Group Picture Dusty Plasmas Group

Rick Kohnert, Scott Robertson, and Scott Knappmiller with the two rocket payloads for noctilucent cloud particles.

Dusty plasma is plasma containing small particles in suspension. In industry, dust is a contaminant and this is a motivation for its removal from semiconductor processing lines, smokestacks, and diesel exhausts. In nature, the ionosphere contains dust from the ablation of meteors, planets have rings of dust that are charged by solar wind particles trapped in their magnetospheres, and objects without magnetospheres (the Moon and Eros, for example) have dusty surfaces that are charged by solar wind particles and by photoelectric emission.

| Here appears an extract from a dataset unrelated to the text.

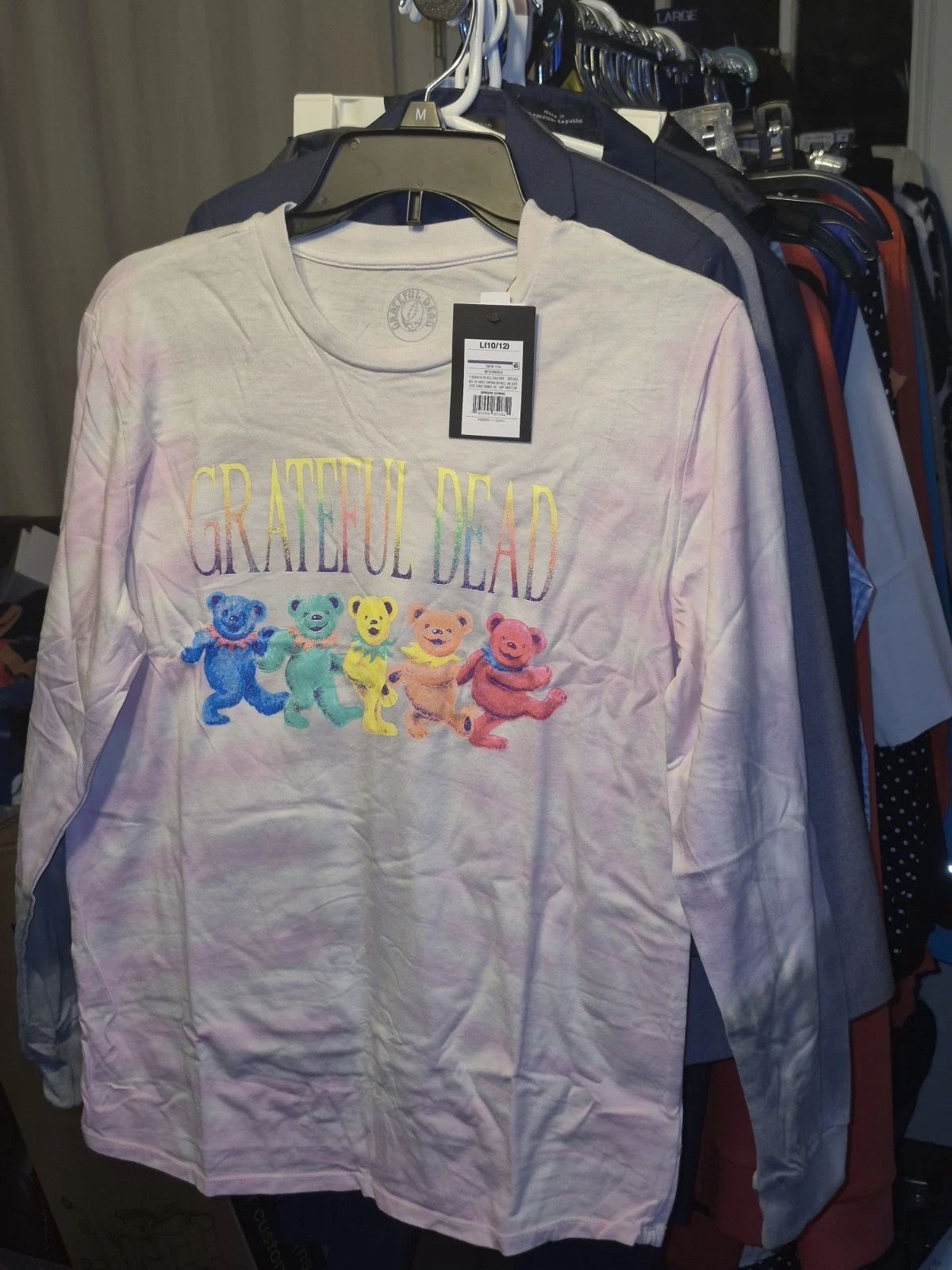grateful dead long sleeve tie dye shirt Unisex T-shirt, Sweatshirt, Hoodie, Long Sleeve Tee - T-Shirt, Sweatshirt, Hoodie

Our research on dusty plasmas has been motivated by these naturally occurring plasmas.

There are five major areas to our research.

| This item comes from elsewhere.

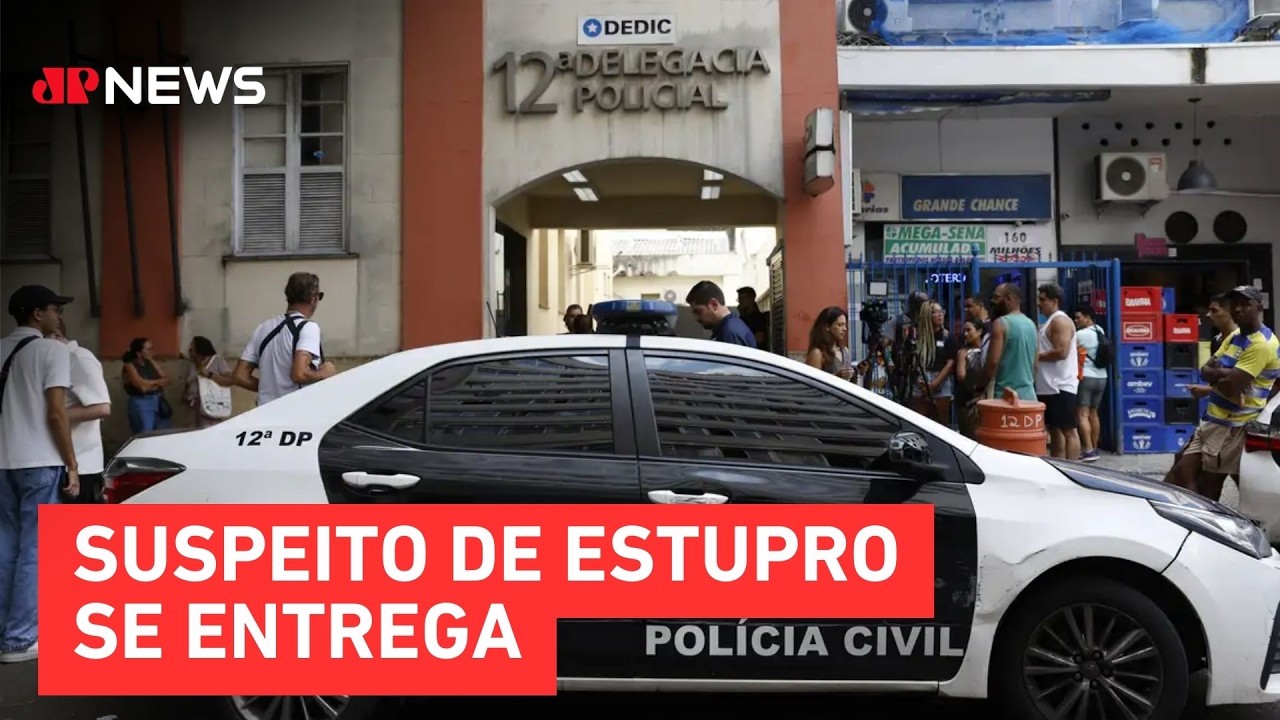 Menor suspeito de estupro coletivo se entrega à polícia no Rio de Janeiro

Noctilucent cloud in the summer polar mesosphere.

Noctilucent cloud in the summer polar mesosphere.

  1. The largest research project is the development and launch of rocket-borne probes to detect the dust in the mesosphere from meteor ablation and the larger noctilucent cloud particles that form in the arctic summer when ice nucleates and grows on these particles.
  2. Dust is placed on surfaces in laboratory plasma with UV illumination to find the charge that accumulates. The charge can cause the dust to stick harder to the surface or to be lifted from it. The motivation is to understand the dust hazard that is faced by instruments and astronauts on the moon.
  3. "Smoky plasma" is generated by evaporating and condensing metal vapor and adding these nanoparticles to plasma. These particles mimic the meteoritic particles in the ionosphere and allow study of charge balance in plasma when there are solid particles.
  4. Our research makes extensive use of probe methods for plasma and the data are used in developing models for particle and energy balance. The improvement of probe methods and plasma modeling is done in parallel with the dusty plasma research.
  5. We are developing a mass analyzer (LAMA) for a deep-space probe that will find the elemental composition of impacting interplanetary and interstellar dust. The impacts produce a puff of plasma which is directed into a time-of-flight mass analyzer. The data reveal which elements are present and their isotopic ratios.